# What you have to do:
Return the records as they stand. No picture is to be included.
[Task inputs — start]
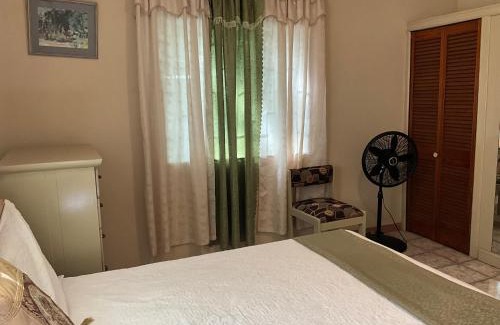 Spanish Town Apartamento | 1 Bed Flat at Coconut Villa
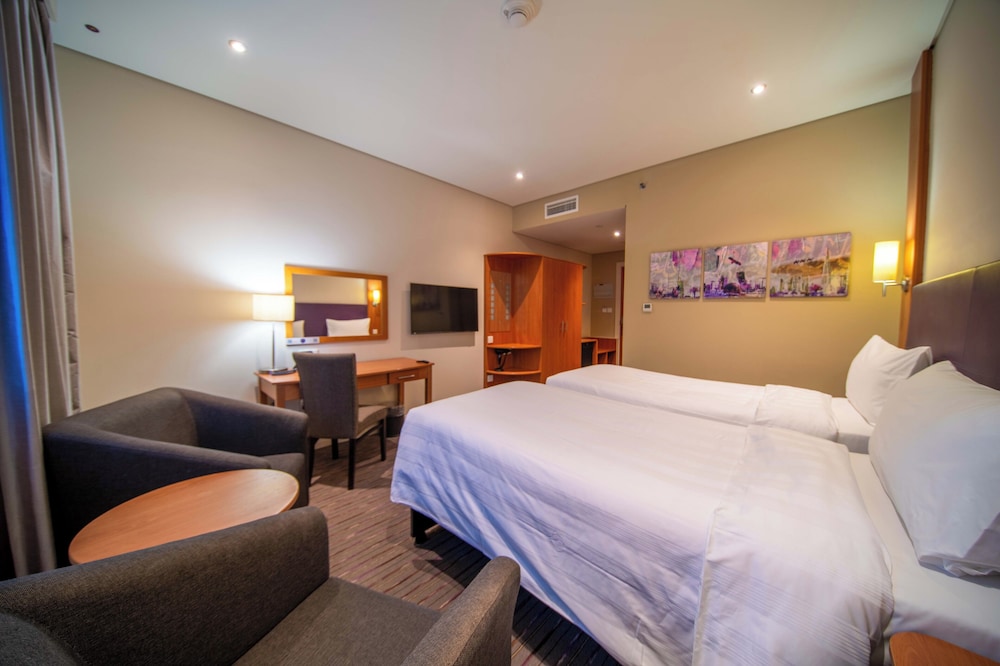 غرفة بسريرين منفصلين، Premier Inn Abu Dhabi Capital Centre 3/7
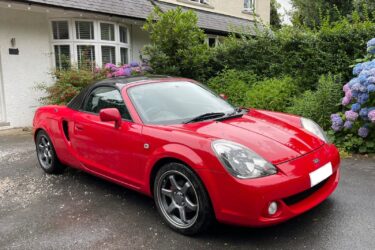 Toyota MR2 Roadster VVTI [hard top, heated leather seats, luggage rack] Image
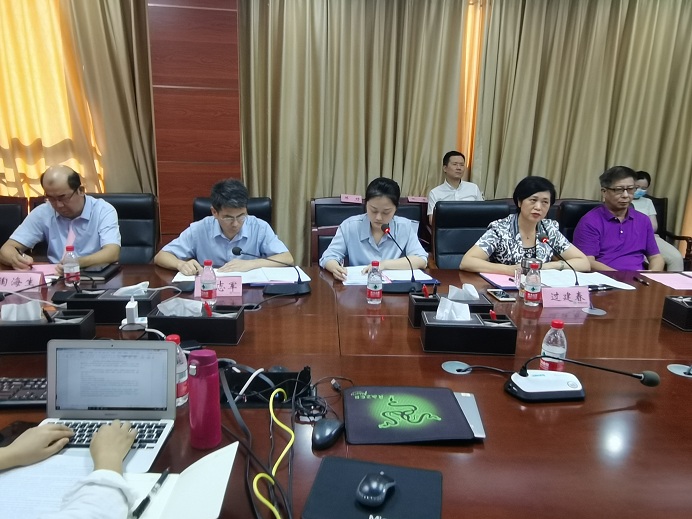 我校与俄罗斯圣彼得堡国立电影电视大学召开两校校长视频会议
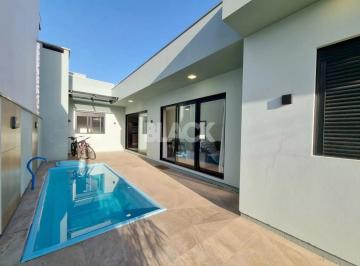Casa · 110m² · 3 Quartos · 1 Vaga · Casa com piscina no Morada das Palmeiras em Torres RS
[Task inputs — finish]
# Answer box:
 Spanish Town Apartamento | 1 Bed Flat at Coconut Villa
 غرفة بسريرين منفصلين، Premier Inn Abu Dhabi Capital Centre 3/7
 Toyota MR2 Roadster VVTI [hard top, heated leather seats, luggage rack] Image
 我校与俄罗斯圣彼得堡国立电影电视大学召开两校校长视频会议
Casa · 110m² · 3 Quartos · 1 Vaga · Casa com piscina no Morada das Palmeiras em Torres RS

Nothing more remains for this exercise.